The timing becomes very important from Time Warner’s perspective. If the trial takes two months, as Leon has predicted, that puts its conclusion hard against the long Memorial Day weekend. From there, Leon can take as long as he needs to write his opinion. Lord knows synthesizing and analyzing what he hears will be complex and time consuming. Sometimes such legal decisions can take months to decide and to write.

Can Leon get it done by June 21, essentially three weeks after the trial concludes? That’s the central question likely wafting these days through the corridors of the Time Warner executive suites at Columbus Circle in Midtown Manhattan. I suspect many of those executives are hoping Leon needs more than three weeks to decide such a complicated legal case (unless of course it turns out to not be all that complicated).

If June 21 comes and goes without a decision, then the fun really begins. Time Warner will be able to get out of the merger agreement penalty free. Will it? The termination date has already been extended twice. The two parties could extend it again if they want to wait around for the judge’s decision. There is no question that AT&T will want Time Warner to agree to another extension, of course. The big phone company—it used to be Southwestern Bell before it gobbled up the remnants of AT&T and became a data hog—desperately wants Time Warner’s content to send through its pipes, just as rival Comcast has done with NBCUniversal.

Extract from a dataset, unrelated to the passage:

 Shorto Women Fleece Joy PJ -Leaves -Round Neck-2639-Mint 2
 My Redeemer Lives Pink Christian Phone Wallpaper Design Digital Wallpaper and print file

But why should Time Warner agree to the extension again? It shouldn’t, and it probably won’t, absent a material financial sweetener from AT&T. Ironically, it could turn out that Trump’s vendetta against CNN could work to the advantage of Time Warner shareholders. They have all the leverage now, given how difficult it will be for Leon to render his decision by June 21. Time Warner could push to get a better deal from AT&T or walk away from AT&T, and go back to running Time Warner independently, while waiting for another suitor to emerge, looking to fill its pipes and distribution network with Time Warner’s increasingly valuable content.

Verizon? Apple? Google? Amazon? Facebook? Possibly all of these—and more—could be interested, for a price in excess of what AT&T has offered, and likely without the same legal hassles. Both Stephenson and Jeff Bewkes, the C.E.O. of Time Warner, are savvy dealmakers. They’ve been around a long time. But as one Time Warner executive told me last week, there’s at least $20 per Time Warner share lying somewhere on the table somewhere. After June 21, they are obligated to go out there and try to get it.